Freedman (2004, p. 334), argues that politicians frequently provide tax incentives to affect the behaviour of the taxpayers of which taxpayers, especially corporations could achieve a prescribed threshold to pay little or no tax. It is further argued that corporations pay their share of tax through payroll taxes, taxes on distributions and other payments. Therefore, an additional income tax that is levied on such corporations in Nigeria might be unfair. According to Freedman (2004: 334), it is inevitable that there will be conflicts between company directors’ primary duty to boost the return on investment of the shareholders and the government’s desire to raise revenue. The authors concur with the above position on the primary duty of company directors, but they do not support any artificial arrangements that may be employed by directors in respect thereof to avoid taxes. Accordingly, companies operating in Nigeria are obliged to collect or pay companies’ income tax or petroleum profits taxes, withholding taxes, value-added taxes, sales tax, tertiary education tax, other taxes and levies on behalf of the government, as prescribed by the applicable Nigerian revenue laws. Some of these companies use different tax avoidance devices to reduce their tax obligation by complex, artificial methods with no purpose other than tax reduction, which amounts to aggressive tax avoidance (Christians, 2014, p. 46). The likely effect of this type of avoidance is that the government may increase its debt profile, reduce the budget or continue to increase tax to fulfil its obligations. The increased tax is likely to be borne by those incapables of employing sophisticated tax advisors and tax avoidance schemes.

Tax is essentially the reduction of the private wealth of the citizens for the provision of public goods and services. This may produce an incentive or disincentive. As a result, individuals usually choose low taxing regimes, and investors may be favorably disposed to businesses with low tax rates and invest therein (Crome & Croome, 2017, p. 42; Gribnau, 2013, p. 52). This is an agreement with the postulations of the deterrence theory of tax avoidance and evasion by Allingham and Sandmo, as earlier discussed in this article. The high tax rates in Nigeria bring certain consequences such as pressure for allowances on the part of the companies and individuals which could lead to tax avoidance (Barriosa et al, 2020, pp. 83-84). For instance, the assessable tax of oil companies under joint venture contract in Nigeria is 85 percent of the gross profit (sections 20 and 21 of the Petroleum Profit Tax Act, 2004). Thus, the pressure for allowances, incentives and creative ways of turning tax loopholes to the advantage of such oil companies is rife in this sector.

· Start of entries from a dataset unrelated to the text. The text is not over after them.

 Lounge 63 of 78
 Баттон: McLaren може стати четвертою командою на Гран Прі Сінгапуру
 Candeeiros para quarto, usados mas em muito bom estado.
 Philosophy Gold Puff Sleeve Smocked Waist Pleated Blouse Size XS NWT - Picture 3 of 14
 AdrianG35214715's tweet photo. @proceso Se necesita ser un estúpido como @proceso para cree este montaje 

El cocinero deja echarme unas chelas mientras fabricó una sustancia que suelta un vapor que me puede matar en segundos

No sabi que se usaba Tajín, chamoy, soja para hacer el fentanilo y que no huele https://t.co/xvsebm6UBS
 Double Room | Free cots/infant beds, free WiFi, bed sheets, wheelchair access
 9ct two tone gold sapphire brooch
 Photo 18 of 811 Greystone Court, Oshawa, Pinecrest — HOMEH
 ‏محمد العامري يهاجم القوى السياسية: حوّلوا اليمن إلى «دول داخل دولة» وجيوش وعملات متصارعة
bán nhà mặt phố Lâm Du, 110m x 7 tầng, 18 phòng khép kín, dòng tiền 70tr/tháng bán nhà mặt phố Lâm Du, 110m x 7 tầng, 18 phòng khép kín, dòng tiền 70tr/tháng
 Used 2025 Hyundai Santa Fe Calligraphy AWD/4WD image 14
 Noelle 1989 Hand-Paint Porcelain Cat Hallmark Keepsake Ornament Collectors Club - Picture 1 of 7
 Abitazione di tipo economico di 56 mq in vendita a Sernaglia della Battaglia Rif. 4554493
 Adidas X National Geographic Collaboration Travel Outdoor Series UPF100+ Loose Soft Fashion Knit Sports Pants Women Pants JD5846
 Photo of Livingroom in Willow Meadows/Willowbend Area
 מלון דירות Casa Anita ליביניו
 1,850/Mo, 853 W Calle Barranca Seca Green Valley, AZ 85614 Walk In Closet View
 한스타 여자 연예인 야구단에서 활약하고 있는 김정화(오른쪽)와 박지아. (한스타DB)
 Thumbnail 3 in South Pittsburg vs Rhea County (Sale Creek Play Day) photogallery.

5. General Anti-Avoidance Legislation and Tax Incentives in Nigeria

Nigerian tax laws such as the Petroleum Profit Tax Act, 2004 (Petroleum Profits Tax Act) provides assessment and collection tax incentives and anti-avoidance provisions. There are also anti-avoidance provisions under the Income Tax Act, the Personal Income Tax Act and the Capital Gains Act, 2004 (Capital Gains Act). The anti-avoidance and tax incentive provisions under the different Acts are discussed hereunder.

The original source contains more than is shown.